Short descriptive text snippets
──────

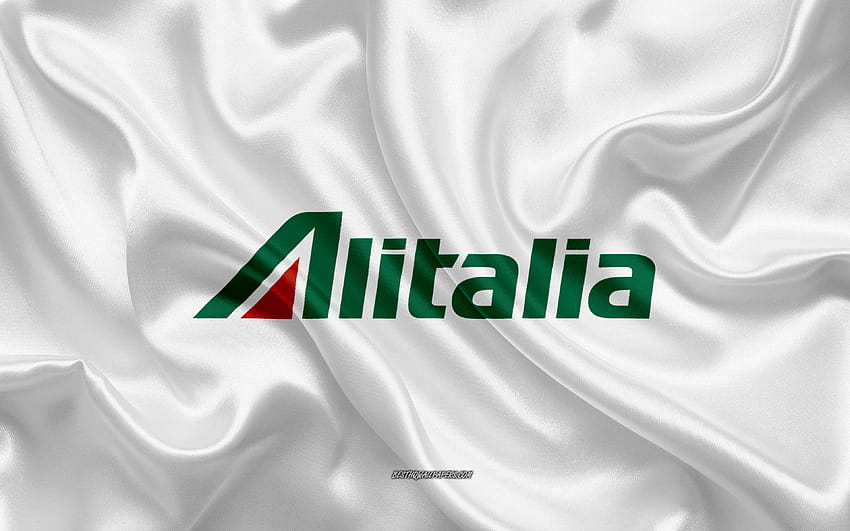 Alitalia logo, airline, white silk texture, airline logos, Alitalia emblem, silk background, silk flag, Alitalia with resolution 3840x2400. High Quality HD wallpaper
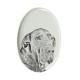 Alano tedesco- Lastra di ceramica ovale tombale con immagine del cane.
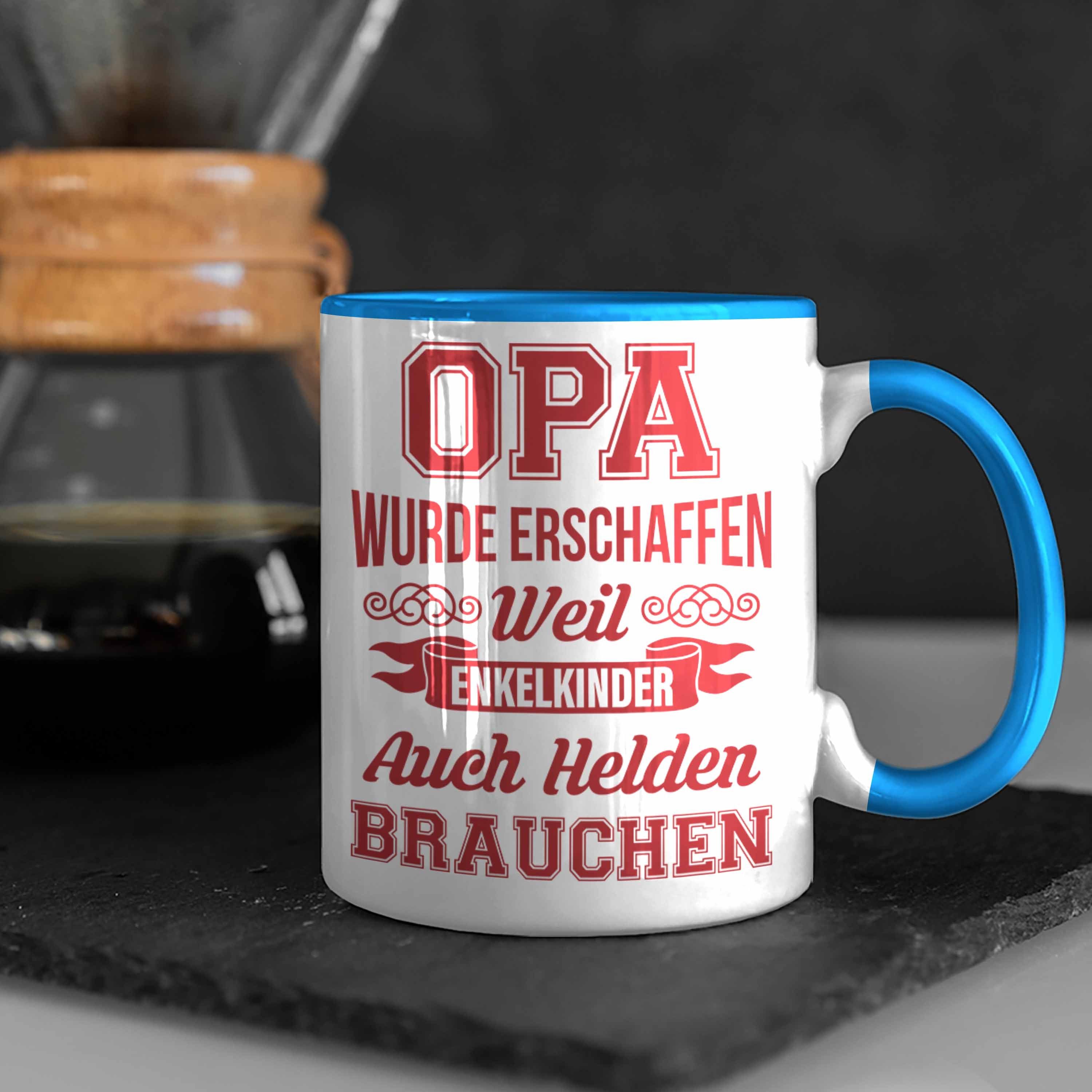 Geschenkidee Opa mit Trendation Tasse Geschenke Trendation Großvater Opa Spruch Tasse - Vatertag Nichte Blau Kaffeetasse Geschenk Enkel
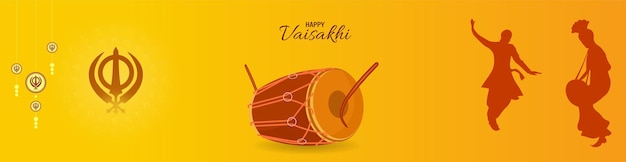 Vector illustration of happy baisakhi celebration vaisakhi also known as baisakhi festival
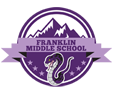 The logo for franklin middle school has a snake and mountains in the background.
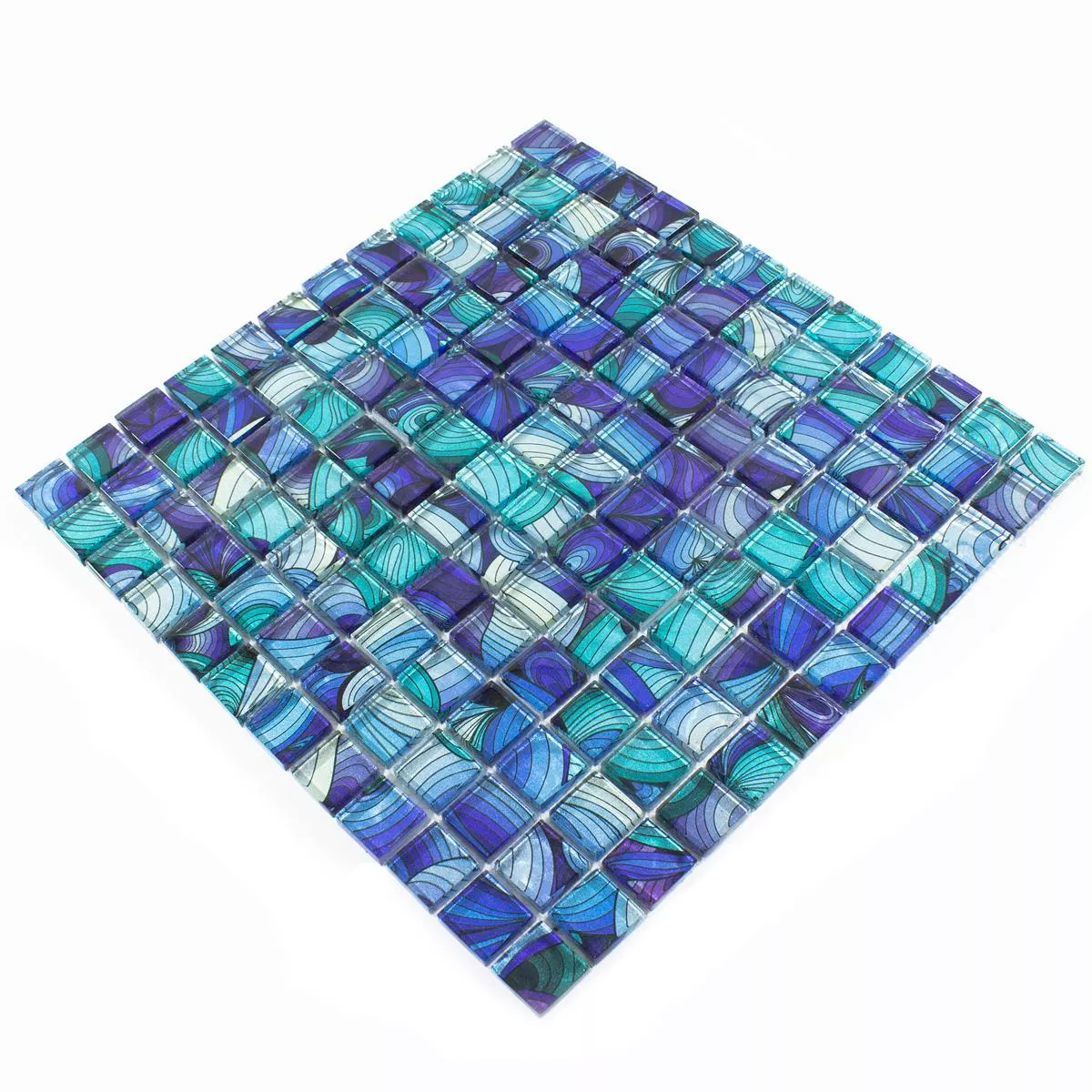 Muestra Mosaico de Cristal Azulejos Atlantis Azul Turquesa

──────

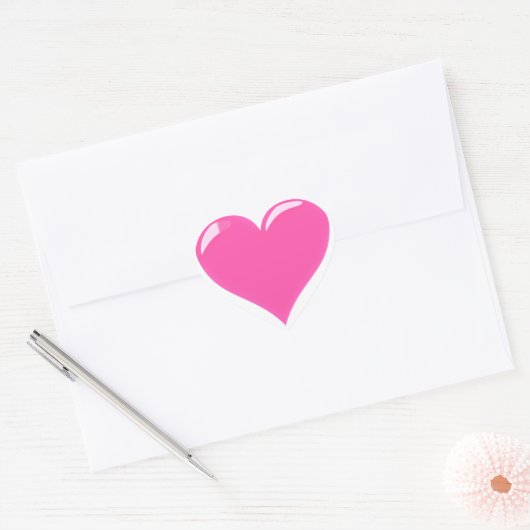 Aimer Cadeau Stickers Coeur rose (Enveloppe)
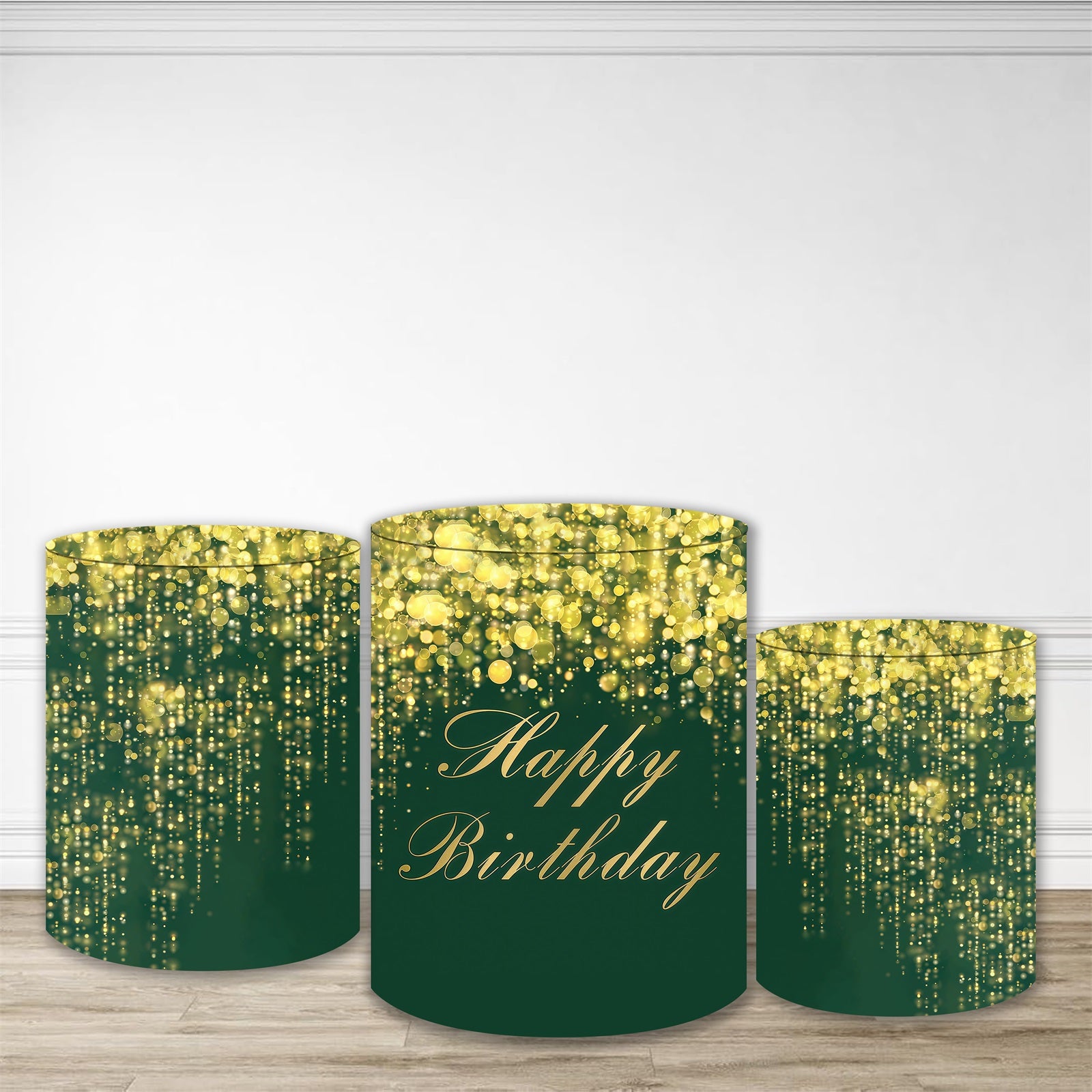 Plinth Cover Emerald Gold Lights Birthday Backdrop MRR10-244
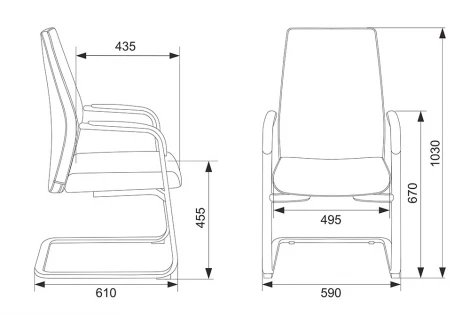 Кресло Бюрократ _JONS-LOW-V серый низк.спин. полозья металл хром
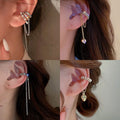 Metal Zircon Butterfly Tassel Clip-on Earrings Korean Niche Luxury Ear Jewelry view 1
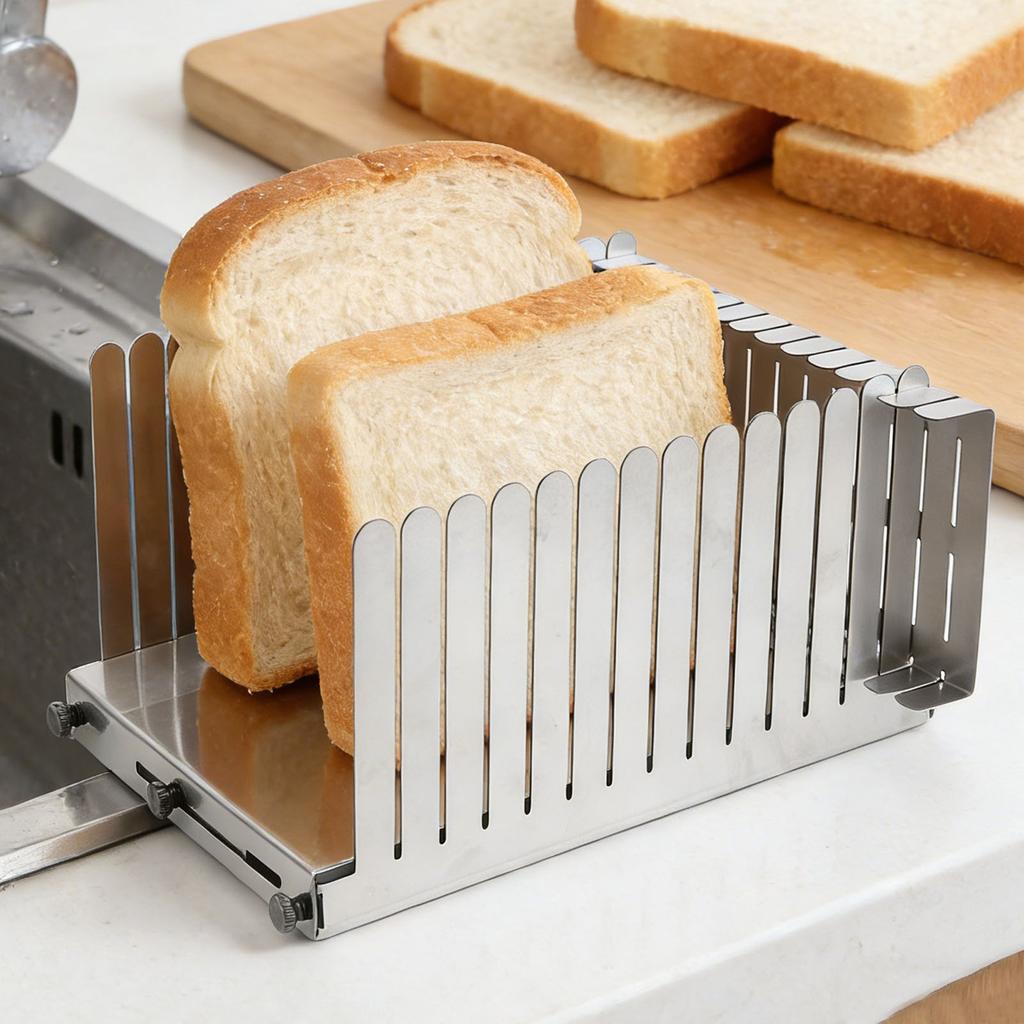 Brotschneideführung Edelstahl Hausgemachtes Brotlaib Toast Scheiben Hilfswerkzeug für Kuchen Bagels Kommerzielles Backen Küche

──────

_AIM OF THE EXERCISE_:
Look above for the line containing "Alitalia logo, airline, white", then write out every line from there down to the line containing "Vector illustration of", that line included, with no pictures.

_YOUR RESPONSE_:
 Alitalia logo, airline, white silk texture, airline logos, Alitalia emblem, silk background, silk flag, Alitalia with resolution 3840x2400. High Quality HD wallpaper
 Alano tedesco- Lastra di ceramica ovale tombale con immagine del cane.
 Geschenkidee Opa mit Trendation Tasse Geschenke Trendation Großvater Opa Spruch Tasse - Vatertag Nichte Blau Kaffeetasse Geschenk Enkel
 Vector illustration of happy baisakhi celebration vaisakhi also known as baisakhi festival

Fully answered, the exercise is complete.